*** Dataset entries ***

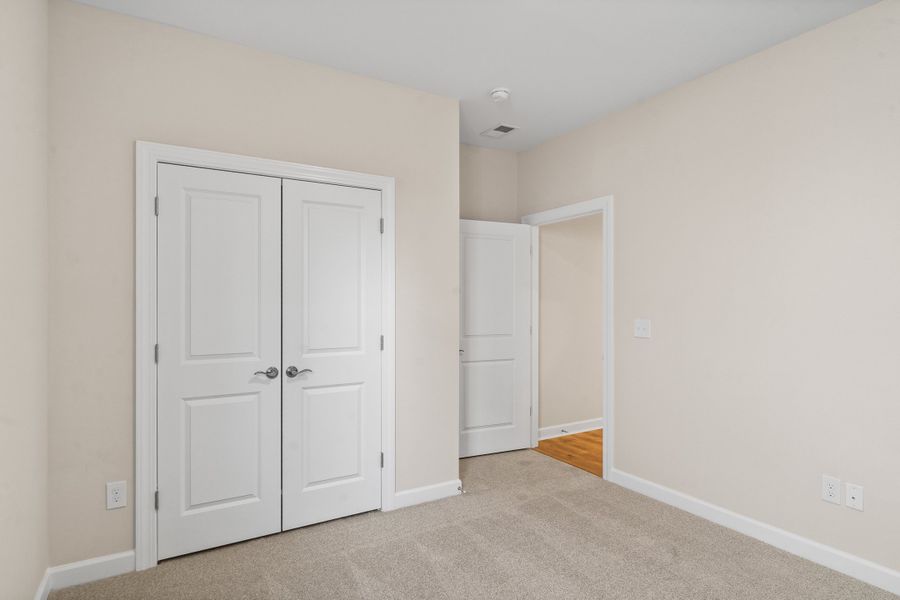 Representative unfurnished interior of a home built from the The Sunset Cove by Chesapeake Homes in Bridgewater - Shorehaven Village, Little River (Image 10).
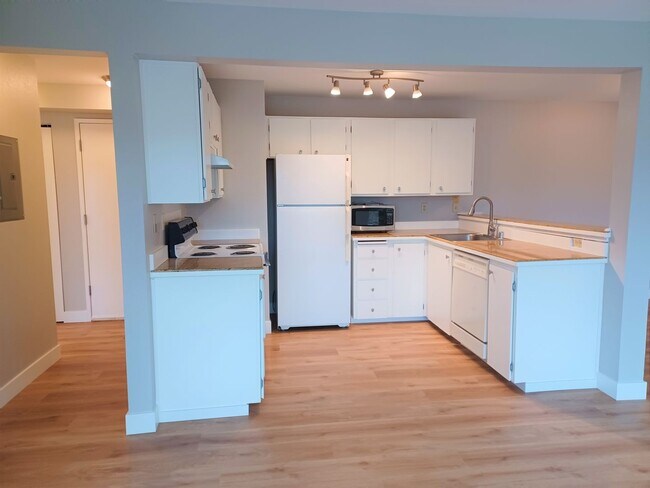 Foto del edificio - Spacious N. Queen Anne 1Bed/1Bath with pri...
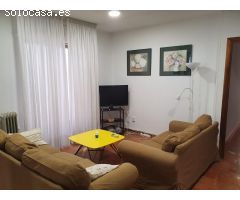 MARAVILLOSO PISO DE 5 HABITACIONES EN CALLE SAN ANTON, EN PLENO CENTRO DE GRANADA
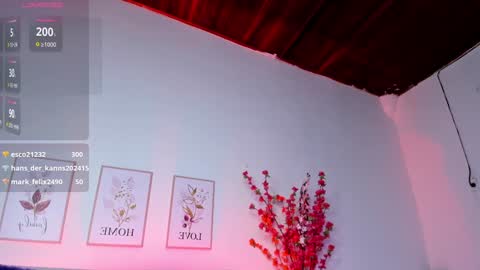 aisha online show from December 2024 04:14:01 AM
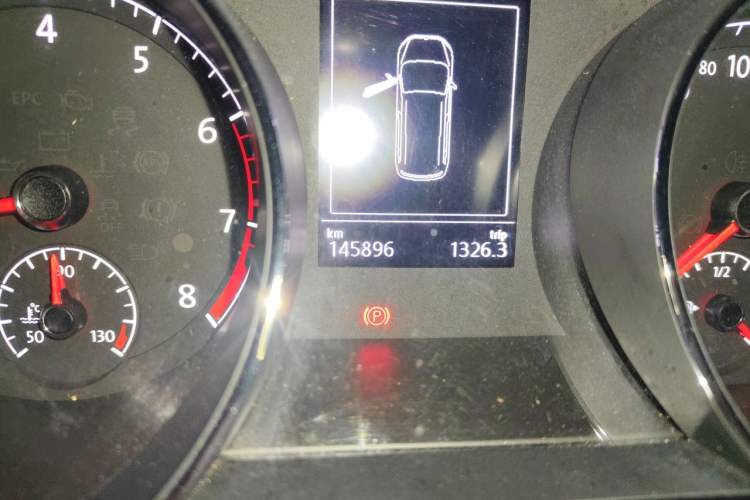 Used Volkswagen Touran 2016 Volkswagen Touran L 280TSI DSG Comfort Edition Odometer Close Up
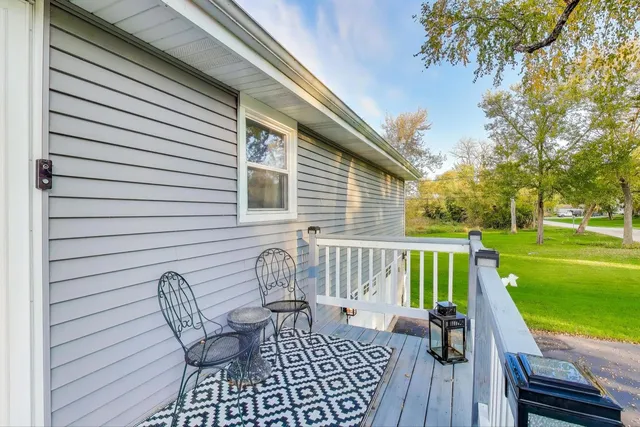 $399,000 | 23490 North Spring Drive, Barrington, IL 60010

***

#### Work order:
Once you find the line that contains "MARAVILLOSO PISO DE", give it again along with every later line through the end of the data, word for word, minus the pictures.

#### Expected answer:
 MARAVILLOSO PISO DE 5 HABITACIONES EN CALLE SAN ANTON, EN PLENO CENTRO DE GRANADA
 aisha online show from December 2024 04:14:01 AM
 Used Volkswagen Touran 2016 Volkswagen Touran L 280TSI DSG Comfort Edition Odometer Close Up
 $399,000 | 23490 North Spring Drive, Barrington, IL 60010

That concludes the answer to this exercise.